Samuel Blaser (born 20 July 1981 in La Chaux-de-Fonds, Switzerland) is a Swiss trombonist and composer.

Biography 
Born and raised in La Chaux-de-Fonds, Switzerland, Samuel Blaser lived in New York City for many years before relocating to Berlin, where he currently resides. He began trombone lessons at the age of 9, and his early interests ranged from Swiss folk music to American R&B and jazz. He entered the local conservatory at 14 and graduated in 2002 after being awarded prizes in both the jazz and classical spheres, including the 2000 Benny Golson Prize.

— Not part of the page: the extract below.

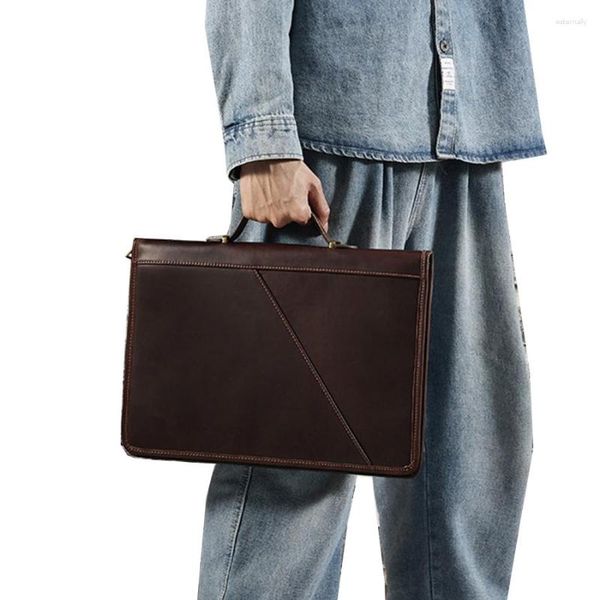 Briefzüge Männer echte Lederhandtasche Business Office Bags Top Layer Kuh Vertikale Aktentasche für 14 Zoll Laptop Männliche Tasche geeignet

Participation in the heralded Vienna Art Orchestra and European Radio Big Band eventually led to a Fulbright Scholarship, facilitating studies in the United States at the Purchase College Conservatory of Music where he studied with James E. Pugh and John Fedchock.

In his relatively short career, Blaser has worked with Swiss percussion legend Pierre Favre, guitarist Marc Ducret, saxophonist Oliver Lake, trumpet player Wallace Roney and drummer John Hollenbeck, and has worked with Grammy Award-winning producer Robert Sadin, and more recently with drummer Daniel Humair and clarinetist Michel Portal.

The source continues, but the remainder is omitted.